第2話 悪魔召喚しちゃいました
「彼女が欲しい……」
まるで呪詛のように、何度も繰り返しながら俺は高校から家までの帰り道をトボトボと歩く。
「お~い! ノブ! おーいってば!」
あぁ、なんか後ろから呼ばれている……。
でもこの声は男だ……。
はぁ……世知辛い世の中だ……。
「なんで止まってくれないんだよ。ひでぇな、俺ら友達だろ?」
友達だと? 俺に友達はいない。
中学一年生の時、彼女を作るために勉強を頑張ると決めたあの日からな!
そう思いながら、コンクリートを眺めていた視線を仕方なしに持ち上げると、そこには小太りのメガネをかけた男がいた。
「あぁ、田中君か……」
俺の視線の先にいたのは、同じクラスメイト。
名前は田中義男。周りからはよく『ヨシ』と呼ばれている男だ。
「なんだよ、その残念そうな顔は。失礼な奴だな」
「ほっといてくれ、俺はいま絶望の底にいるんだ……」
「あははは! ノブは大袈裟だなぁ」
この田中義男という男は、かなり人懐っこい奴だ。
俺とそんなに関わったことがないのに、勝手に『ノブ』とあだ名で呼んでくる。
田中君の見た目はお世辞にもイケているとは言い難い。
だが、クラスでは色々な人と話しているのを見かけるし、それを邪険にされている雰囲気もない。つまり彼は俗に言う愛されキャラなのだ。

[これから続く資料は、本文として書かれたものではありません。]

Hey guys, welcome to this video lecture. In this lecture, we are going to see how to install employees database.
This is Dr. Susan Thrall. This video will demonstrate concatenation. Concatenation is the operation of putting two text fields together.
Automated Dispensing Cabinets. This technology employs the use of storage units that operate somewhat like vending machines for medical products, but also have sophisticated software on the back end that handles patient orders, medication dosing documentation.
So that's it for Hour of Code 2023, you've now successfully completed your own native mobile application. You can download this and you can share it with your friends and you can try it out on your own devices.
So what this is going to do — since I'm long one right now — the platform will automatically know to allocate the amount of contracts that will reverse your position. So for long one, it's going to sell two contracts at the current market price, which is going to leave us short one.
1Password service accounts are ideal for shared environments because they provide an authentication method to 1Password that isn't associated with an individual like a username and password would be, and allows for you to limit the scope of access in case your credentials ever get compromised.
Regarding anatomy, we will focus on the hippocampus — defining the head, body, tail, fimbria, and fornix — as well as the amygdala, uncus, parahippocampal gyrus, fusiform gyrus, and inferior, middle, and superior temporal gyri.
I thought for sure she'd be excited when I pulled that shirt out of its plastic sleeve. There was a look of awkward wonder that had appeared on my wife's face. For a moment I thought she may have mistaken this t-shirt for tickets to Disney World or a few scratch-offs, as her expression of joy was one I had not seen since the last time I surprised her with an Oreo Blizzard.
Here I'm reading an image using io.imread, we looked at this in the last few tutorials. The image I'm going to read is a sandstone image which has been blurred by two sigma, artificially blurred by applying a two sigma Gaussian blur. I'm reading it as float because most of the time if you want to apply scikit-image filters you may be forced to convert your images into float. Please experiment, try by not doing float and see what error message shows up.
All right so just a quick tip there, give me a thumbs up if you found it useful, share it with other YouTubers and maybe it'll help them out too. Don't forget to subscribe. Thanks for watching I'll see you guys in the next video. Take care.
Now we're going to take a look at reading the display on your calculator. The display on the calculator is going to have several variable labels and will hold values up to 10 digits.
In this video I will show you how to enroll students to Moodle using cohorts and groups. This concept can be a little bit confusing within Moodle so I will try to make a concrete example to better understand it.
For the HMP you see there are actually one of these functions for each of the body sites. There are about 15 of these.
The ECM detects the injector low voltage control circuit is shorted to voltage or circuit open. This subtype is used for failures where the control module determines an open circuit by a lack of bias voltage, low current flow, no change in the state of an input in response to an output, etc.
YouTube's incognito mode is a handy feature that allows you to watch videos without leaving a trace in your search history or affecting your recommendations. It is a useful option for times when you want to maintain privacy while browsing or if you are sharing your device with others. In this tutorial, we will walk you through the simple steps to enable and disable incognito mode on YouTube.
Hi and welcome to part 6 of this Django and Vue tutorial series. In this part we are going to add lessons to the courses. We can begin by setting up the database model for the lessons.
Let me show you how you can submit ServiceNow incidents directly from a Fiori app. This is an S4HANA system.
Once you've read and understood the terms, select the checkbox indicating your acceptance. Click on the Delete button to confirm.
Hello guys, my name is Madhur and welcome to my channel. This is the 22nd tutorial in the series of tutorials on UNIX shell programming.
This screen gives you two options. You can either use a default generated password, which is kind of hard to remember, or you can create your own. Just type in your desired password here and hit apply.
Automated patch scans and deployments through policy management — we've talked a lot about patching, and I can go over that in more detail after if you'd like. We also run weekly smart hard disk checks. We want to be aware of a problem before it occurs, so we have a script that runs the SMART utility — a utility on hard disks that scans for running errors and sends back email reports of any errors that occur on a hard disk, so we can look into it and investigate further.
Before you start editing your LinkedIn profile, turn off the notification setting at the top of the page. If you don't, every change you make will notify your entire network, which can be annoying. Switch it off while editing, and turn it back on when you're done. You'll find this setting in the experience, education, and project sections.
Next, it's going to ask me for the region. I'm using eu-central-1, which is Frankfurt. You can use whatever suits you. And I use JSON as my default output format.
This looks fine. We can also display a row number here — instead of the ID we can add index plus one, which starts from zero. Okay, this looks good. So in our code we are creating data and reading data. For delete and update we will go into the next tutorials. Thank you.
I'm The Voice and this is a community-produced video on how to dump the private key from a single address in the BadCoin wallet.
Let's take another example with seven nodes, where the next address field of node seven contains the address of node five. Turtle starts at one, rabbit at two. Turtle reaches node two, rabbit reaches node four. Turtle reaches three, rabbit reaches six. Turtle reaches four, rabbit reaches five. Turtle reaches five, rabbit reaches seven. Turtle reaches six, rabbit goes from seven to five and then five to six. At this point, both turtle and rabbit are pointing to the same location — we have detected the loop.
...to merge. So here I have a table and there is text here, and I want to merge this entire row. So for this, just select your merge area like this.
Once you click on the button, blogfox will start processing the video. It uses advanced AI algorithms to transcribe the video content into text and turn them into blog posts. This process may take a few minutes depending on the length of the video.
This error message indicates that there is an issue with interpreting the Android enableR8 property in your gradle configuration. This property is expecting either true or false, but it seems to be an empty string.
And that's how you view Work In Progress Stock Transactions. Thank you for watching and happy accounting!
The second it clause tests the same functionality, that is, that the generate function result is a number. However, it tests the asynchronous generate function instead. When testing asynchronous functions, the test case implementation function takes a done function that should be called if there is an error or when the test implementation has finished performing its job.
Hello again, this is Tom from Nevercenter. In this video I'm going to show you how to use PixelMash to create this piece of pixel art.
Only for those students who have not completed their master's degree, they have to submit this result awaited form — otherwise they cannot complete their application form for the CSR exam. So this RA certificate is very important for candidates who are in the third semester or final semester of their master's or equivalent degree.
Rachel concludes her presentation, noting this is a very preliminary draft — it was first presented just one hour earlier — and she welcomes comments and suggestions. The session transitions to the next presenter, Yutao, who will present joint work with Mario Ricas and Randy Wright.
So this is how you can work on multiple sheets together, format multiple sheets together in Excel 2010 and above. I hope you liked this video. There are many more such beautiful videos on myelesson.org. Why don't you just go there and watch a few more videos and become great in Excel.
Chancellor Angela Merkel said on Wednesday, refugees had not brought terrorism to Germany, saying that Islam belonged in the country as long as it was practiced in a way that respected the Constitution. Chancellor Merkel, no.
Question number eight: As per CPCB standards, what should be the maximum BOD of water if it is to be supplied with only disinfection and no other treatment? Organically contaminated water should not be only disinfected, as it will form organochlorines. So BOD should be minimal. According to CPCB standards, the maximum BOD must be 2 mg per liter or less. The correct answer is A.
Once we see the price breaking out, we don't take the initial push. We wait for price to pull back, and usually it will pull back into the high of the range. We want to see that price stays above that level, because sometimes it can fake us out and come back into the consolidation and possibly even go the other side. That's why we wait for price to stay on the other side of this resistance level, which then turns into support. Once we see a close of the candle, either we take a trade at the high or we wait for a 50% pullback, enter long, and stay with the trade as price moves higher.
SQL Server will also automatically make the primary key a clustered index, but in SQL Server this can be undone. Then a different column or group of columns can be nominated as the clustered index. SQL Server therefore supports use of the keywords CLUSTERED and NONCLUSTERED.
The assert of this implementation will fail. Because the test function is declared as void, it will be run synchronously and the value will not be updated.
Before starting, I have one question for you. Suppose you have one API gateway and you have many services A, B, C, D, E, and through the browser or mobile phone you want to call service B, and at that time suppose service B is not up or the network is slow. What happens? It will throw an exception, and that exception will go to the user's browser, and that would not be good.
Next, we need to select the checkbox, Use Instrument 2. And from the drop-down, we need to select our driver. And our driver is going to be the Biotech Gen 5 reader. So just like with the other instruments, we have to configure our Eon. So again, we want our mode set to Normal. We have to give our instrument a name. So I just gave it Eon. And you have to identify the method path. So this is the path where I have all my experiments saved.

羨ましい……。
「んで? なんでノブは絶望してるんだ?」
「それは……特に理由はない」
「おいおい! 特に理由がないのに絶望してるとかこの世の終わりだろそれ!」
ゲラゲラ腹を抱えて笑う田中君。
正直言って鬱陶しいけど、不思議と腹立たしさはあまり感じない。
人柄って奴なのかな? ちょっとその人柄俺にも分けてくれ……。
「ま、どうせ男が絶望するなんて、全財産つぎ込んでガチャ回してお目当てのキャラが出なかった時か、それか……」
そこで田中君は、俺と目を合わせてニヤッと口角を上げた。
「彼女ができないときか。この二択しかないよな。で? ノブはどっちで絶望してんだ?」
「……なんだよその二択、別に俺はそんな理由じゃ……」
「なるほど、彼女が出来なくて絶望してたのか」
こいつエスパーかよ!
なんでわかったんだ!? 俺、そんなに顔に出てたのか?
「か、勝手に決めつけないでくれ」
「お? その反応は図星だな? よーし! じゃあ、彼女が出来なくて絶望しているノブに、親友の俺からプレゼントをしてやろう!」
お前はいつの間に俺の親友になったんだよ。……まぁ、そう言われて悪い気はあまりしないけどさ。
てか、プレゼント? 合コンでも開いてくれるのか?
「彼女ができない親友へのプレゼントは……これだ!」
「? ……本?」
田中君がくれたプレゼントは本だった。
しかも、かなり古くてくたびれている。
「なんで彼女ができないヤツへのプレゼントが本なんだ?」
「ふふふ、これはただの本じゃないぞ? 聞いて驚くなよ? これはな……魔術本なんだ!!」
……はぁ、やっぱり世の中世知辛いよな。
俺は一生彼女ができない呪われた人生なんだ。
「おいノブ! そんな特大の溜息を吐いてスルーするなよ! 魔術書だぞ? スンゴイ本なんだぞ?」
「田中君、気持ちだけ受け取っておくよ。ありがとう。じゃ」
「ちょいちょいちょい! お前、この本の凄さをわかってないな? この本にはな、究極魔法の習得方法や、悪魔召喚の儀式について書いてるんだぜ!」
「そっか、凄いなマジュツショ。じゃあ、負け犬の俺はさっさと家に帰るとするよ」
俺は田中君の力説を完全スルーして再びトボトボと歩き出す。
究極魔法? 悪魔召喚? は! そんなもんが実在するなら、なんで俺はいまだに異世界召喚されていないんだよ!!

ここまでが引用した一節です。